On Wed, 27 May 2020 17:01:10 +0200
Toke Høiland-Jørgensen <toke@redhat.com> wrote:

> David Ahern <dsahern@gmail.com> writes:
> 
> > On 5/27/20 4:02 AM, Toke Høiland-Jørgensen wrote:  
> >> David Ahern <dsahern@kernel.org> writes:
> >>   
> >>> Support SEC("xdp_dm*") as a short cut for loading the program with
> >>> type BPF_PROG_TYPE_XDP and expected attach type BPF_XDP_DEVMAP.  
> >> 
> >> You're not using this in the selftest; shouldn't you be? Also, the
> >> prefix should be libbpf: not bpftool:, no?
> >>   
> >
> > The selftest is exercising kernel APIs - what is allowed and what is
> > not.  
> 
> Sure, but they also de facto serve as example code for features that are
> not documented anywhere else, so just seemed a bit odd to me that you
> were not using this to mark the programs.
> 
> Anyway, not going to insist if you prefer explicitly setting
> expected_attach_type...

I actually think that it is better to demonstrate that it is possible to set:	

 attr.expected_attach_type = BPF_XDP_DEVMAP;

Because people will be grepping the source code to find examples ;-)

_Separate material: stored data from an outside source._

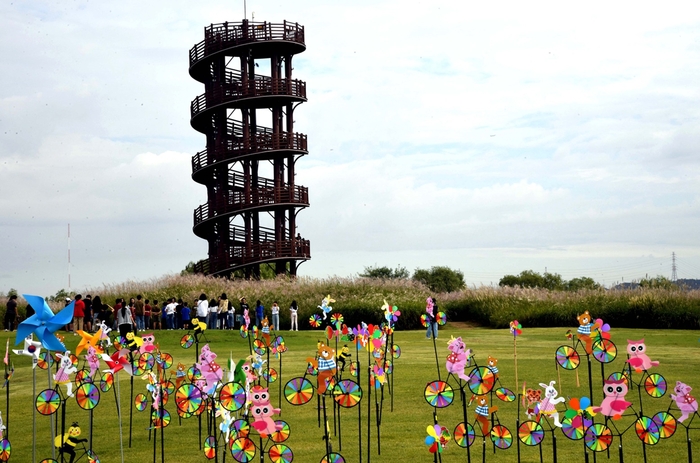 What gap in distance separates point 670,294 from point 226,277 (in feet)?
58.9

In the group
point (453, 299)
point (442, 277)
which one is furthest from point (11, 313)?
point (442, 277)

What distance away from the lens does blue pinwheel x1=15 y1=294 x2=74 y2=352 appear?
22.9 ft

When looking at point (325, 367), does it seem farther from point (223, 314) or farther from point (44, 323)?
point (223, 314)

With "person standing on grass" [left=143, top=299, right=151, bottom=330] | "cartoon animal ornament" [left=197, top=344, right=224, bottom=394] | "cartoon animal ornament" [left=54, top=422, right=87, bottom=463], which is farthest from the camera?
"person standing on grass" [left=143, top=299, right=151, bottom=330]

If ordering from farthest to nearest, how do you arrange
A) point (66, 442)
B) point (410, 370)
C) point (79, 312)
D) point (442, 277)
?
point (442, 277)
point (79, 312)
point (410, 370)
point (66, 442)

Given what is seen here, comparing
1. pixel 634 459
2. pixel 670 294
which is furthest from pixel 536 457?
pixel 670 294

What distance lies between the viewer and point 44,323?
702 centimetres

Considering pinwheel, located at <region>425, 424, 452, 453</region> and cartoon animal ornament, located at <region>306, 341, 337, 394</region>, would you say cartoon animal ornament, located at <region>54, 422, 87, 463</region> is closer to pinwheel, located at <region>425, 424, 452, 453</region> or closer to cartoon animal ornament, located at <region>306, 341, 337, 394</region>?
cartoon animal ornament, located at <region>306, 341, 337, 394</region>

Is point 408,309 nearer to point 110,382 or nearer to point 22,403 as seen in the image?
point 22,403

We could add a comment, that say SEC("xdp_dm") can be used as short cut.
-- 
Best regards,
  Jesper Dangaard Brouer
  MSc.CS, Principal Kernel Engineer at Red Hat
  LinkedIn: http://www.linkedin.com/in/brouer

Re: [PATCH bpf-next 1/5] bpf: Handle 8-byte values in DEVMAP and DEVMAP_HASH

[David Ahern]

On 5/27/20 9:30 AM, Jesper Dangaard Brouer wrote:
> On Wed, 27 May 2020 08:27:36 -0600
> David Ahern <dsahern@gmail.com> wrote:
> 
>> On 5/27/20 4:26 AM, Jesper Dangaard Brouer wrote:
>>> IMHO we really need to leverage BTF here, as I'm sure we need to do more
>>> extensions, and this size matching will get more and more unmaintainable.
>>>
>>> With BTF in place, dumping the map via bpftool, will also make the
>>> fields "self-documenting".  
>>
>> furthermore, the kernel is changing the value - an fd is passed in and
>> an id is returned. I do not see how any of this fits into BTF.
> 
> It can, as BTF actually support union's (I just tested that).
> 

You are trying to force an arbitrary kernel API with BTF, and it adds no
value over a static struct definition that grows as new capability is added.

DEVMAPs (and CPUMAP) are not like other maps - the fields in the entries
have meaning to *the kernel*. That means the kernel needs to know the
fields and what they represent - be it a device index, a program fd
converted to an id, a cpuid, or any future extension. If you add 'u32
foo' to this interface, you still need kernel code to understand 'foo'
maps to resource 'bar' via lookup function 'f'. You can not do this
dynamically. BTF does not make sense here.

Furthermore, if the kernel does not understand a field then it better
return an error code - EINVAL so the user knows expected functionality
is not supported by that kernel.

> 
> But a union would also work (also tested via BPF loading and BTF dumpinmg):
> 
>  struct dev_map_ext_val {
>         u32 ifindex;
>         union {
>                 int bpf_prog_fd_write;
>                 u32 bpf_prog_id_read;
>         };
>  };
> 

I prefer the union and without the verb; comments convey the same
meaning. The fd has no meaning beyond the process that created the entry
so it does not need to be kept around bloating the interface.

For v2, I moved the struct to uapi/linux/bpf.h and added comments.